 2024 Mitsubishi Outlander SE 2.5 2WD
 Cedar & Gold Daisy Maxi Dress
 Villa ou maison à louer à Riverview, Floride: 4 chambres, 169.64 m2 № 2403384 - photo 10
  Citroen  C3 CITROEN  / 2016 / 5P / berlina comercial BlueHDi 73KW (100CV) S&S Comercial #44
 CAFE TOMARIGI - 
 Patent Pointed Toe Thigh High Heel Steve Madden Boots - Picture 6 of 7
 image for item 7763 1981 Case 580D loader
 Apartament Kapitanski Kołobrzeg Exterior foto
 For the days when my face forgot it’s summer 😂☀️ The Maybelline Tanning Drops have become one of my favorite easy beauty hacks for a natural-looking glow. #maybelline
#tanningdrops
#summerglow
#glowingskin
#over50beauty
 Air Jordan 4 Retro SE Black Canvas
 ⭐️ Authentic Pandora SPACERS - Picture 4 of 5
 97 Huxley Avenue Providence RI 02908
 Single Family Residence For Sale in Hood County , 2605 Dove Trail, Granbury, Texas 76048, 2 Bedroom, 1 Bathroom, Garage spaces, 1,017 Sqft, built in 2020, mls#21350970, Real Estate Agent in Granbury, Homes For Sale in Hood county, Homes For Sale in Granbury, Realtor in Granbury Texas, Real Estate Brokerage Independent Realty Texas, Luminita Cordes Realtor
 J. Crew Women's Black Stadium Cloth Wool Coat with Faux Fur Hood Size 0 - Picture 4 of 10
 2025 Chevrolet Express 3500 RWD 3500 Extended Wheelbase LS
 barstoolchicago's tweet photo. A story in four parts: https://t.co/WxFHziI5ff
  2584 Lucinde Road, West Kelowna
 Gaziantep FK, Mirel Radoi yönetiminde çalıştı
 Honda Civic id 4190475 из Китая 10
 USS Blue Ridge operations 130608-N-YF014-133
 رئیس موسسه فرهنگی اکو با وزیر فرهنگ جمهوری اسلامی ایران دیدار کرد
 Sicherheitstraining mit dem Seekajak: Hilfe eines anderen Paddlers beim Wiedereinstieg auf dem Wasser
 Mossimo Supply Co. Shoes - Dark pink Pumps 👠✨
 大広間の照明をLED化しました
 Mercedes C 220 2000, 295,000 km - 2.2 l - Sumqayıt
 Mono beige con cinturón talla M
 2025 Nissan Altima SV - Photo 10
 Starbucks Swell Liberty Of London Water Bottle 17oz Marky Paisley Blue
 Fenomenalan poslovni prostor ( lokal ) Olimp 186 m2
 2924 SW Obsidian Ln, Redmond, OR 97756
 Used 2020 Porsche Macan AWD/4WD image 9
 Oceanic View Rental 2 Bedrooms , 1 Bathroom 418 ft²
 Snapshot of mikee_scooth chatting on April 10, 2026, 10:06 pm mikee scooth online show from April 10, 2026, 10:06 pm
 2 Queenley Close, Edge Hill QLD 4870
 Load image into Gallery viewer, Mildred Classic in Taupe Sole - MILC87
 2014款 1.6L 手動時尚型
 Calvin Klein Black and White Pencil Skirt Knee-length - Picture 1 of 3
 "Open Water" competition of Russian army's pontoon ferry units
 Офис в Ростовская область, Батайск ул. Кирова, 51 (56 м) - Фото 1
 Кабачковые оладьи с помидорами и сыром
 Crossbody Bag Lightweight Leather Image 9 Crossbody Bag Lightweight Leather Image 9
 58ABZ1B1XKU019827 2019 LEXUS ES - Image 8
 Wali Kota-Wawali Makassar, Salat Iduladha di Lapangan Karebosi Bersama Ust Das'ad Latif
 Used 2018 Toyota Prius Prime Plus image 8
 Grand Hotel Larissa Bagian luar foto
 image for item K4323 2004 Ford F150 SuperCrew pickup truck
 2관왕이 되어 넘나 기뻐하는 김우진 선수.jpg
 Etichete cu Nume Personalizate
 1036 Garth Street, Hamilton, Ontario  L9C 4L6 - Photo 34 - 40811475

(Problem requirements)
Copy word for word the stretch of entries above from the line that has "2025 Nissan Altima SV - Photo 10" through the line that has "Кабачковые оладьи с помидорами и сыром", both ends included, and nothing outside it.

(Response below)
 2025 Nissan Altima SV - Photo 10
 Starbucks Swell Liberty Of London Water Bottle 17oz Marky Paisley Blue
 Fenomenalan poslovni prostor ( lokal ) Olimp 186 m2
 2924 SW Obsidian Ln, Redmond, OR 97756
 Used 2020 Porsche Macan AWD/4WD image 9
 Oceanic View Rental 2 Bedrooms , 1 Bathroom 418 ft²
 Snapshot of mikee_scooth chatting on April 10, 2026, 10:06 pm mikee scooth online show from April 10, 2026, 10:06 pm
 2 Queenley Close, Edge Hill QLD 4870
 Load image into Gallery viewer, Mildred Classic in Taupe Sole - MILC87
 2014款 1.6L 手動時尚型
 Calvin Klein Black and White Pencil Skirt Knee-length - Picture 1 of 3
 "Open Water" competition of Russian army's pontoon ferry units
 Офис в Ростовская область, Батайск ул. Кирова, 51 (56 м) - Фото 1
 Кабачковые оладьи с помидорами и сыром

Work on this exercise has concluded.